|
|
The
Guardian
The ancients: now available in colour
November 19th, 2004
It comes as a shock to be confronted with an exact replica with unthreatening
hazel eyes. Add garish pink skin and glossy brown hair, and the new painted
version of Caligula's bust looks as if it might once have been used to model
hats in thewindow of a men's outfitters. Yet, according to the curators of a new
exhibition at the Vatican museums, this is a lot closer to what the sculptor
intended we see than the white marble to which we are accustomed.
"This exhibition reminds me of Wim Wenders' film Wings of Desire, where
the angels saw in black and white but the human beings saw in colour," says the show's curator, Paolo Liverani. "We are in an
'angelic' situation with respect to classical statues; we are used to seeing them
and appreciating them in immaculate white.
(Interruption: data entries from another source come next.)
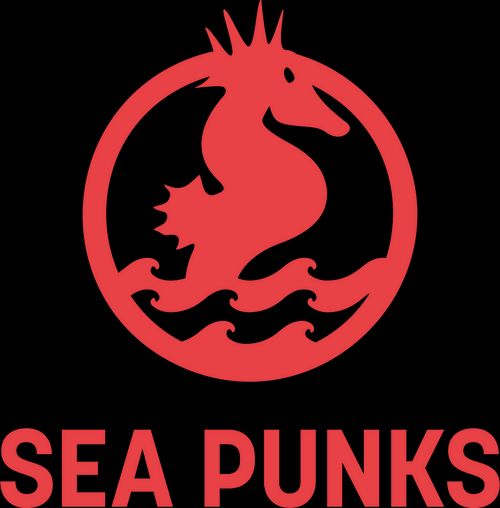 monatliches Plenum Sea Punks Hamburg 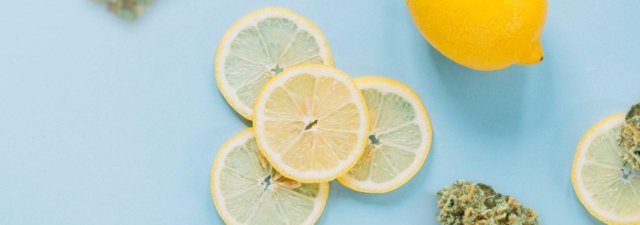 8 Tips for Growing Lemon Kush Marijuana [Grower’s Guide]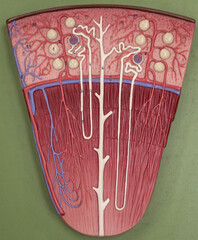 Kidney Model Showing Cortex Tubules And Renal Pyramid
Now we're trying to 'humanise' ourselves a bit and rediscover them in their original colours."
However, modern techniques have enabled investigators to determine from
minute, usually ingrained, traces the precise types and colours of the paints used.
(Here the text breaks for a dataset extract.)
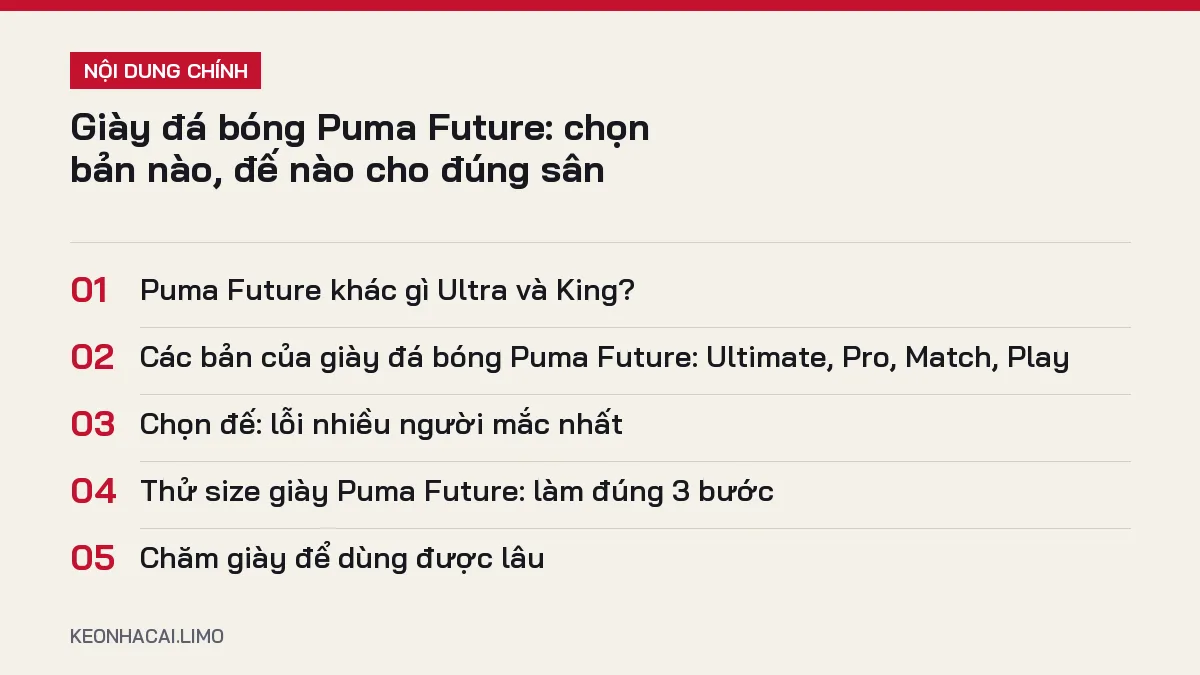 Tóm tắt nội dung giày đá bóng puma future, 5 ý chính cần biết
The Vatican museums' researchers have carried out a rigorous examination
of one of the most famous classical figures, the so-called Prima Porta Augustus, which revealed the statue was once like the replica on display
in the exhibition. It had a scarlet toga, a red and blue tunic and a breastplate decorated with coloured figures. Other copies in the show
were created with the help of research at the Glyptothek in Munich and
the Ny Carlsberg Glyptotek in Copenhagen.
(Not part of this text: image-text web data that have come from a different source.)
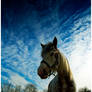 Horse and sky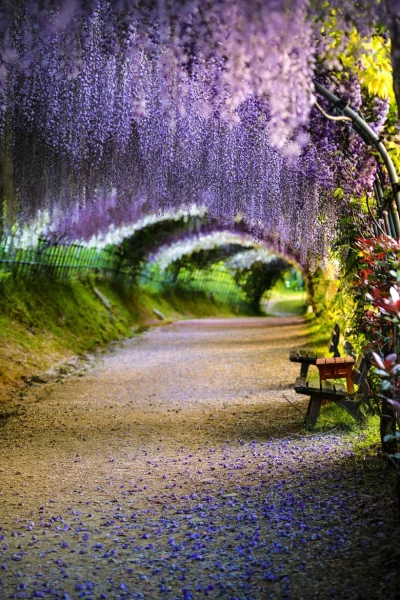 Lookazz - > A wisteria flower tunnel in Kitakyushu, Japan



#earthporn #fotografia #...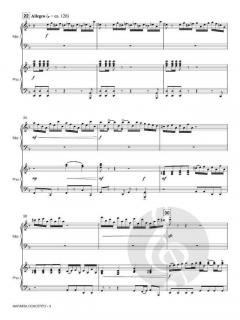 Marimba Concerto von Satoshi Yagisawa 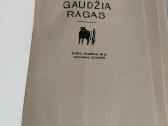 Gaudžia ragas - nuotraukos Nr. 2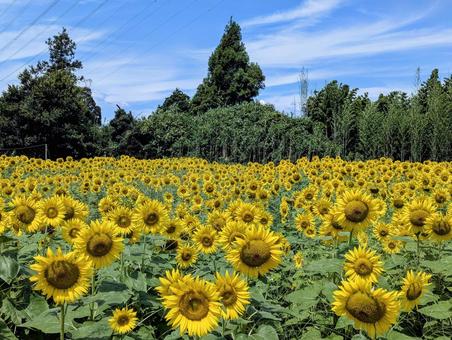 真夏の向日葵畑 真夏の向日葵畑 向日葵,植物,自然の写真素材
"I think it's a valiant attempt to discover what went on," says Susan
Walker, keeper of antiquities at the Ashmolean museum in Oxford. "The
question is whether the people who have researched the exhibition have got the recipes right, both with respect to what kind of paint was used
and how the paint adhered to the sculptures."
The organisers of the show make no claim to infallibility. Francesco Buranelli, the director of the Vatican museums, says: "The show is an
experiment. It aims to pose a question, not impose anything on anyone."
So far, though, it has won enthusiastic, if somewhat bewildered, reviews in Rome. Il Messagero found the exhibition "disorientating, shocking,
but often splendid". Corriere della Sera's critic felt that "suddenly,
a world we had been used to regarding as austere and reflective has been
turned on its head to become as jolly as a circus".
And that was without anyone mentioning the Venus de Milo's nostrils. Walker said they were almost certainly painted too - to reflect the
prevailing fashion in ancient Greece. "It was done to intensify the effect of shadow," she said. "They were just touched up. In red."
The Colours of White is at the Vatican museums, Rome, until January 31.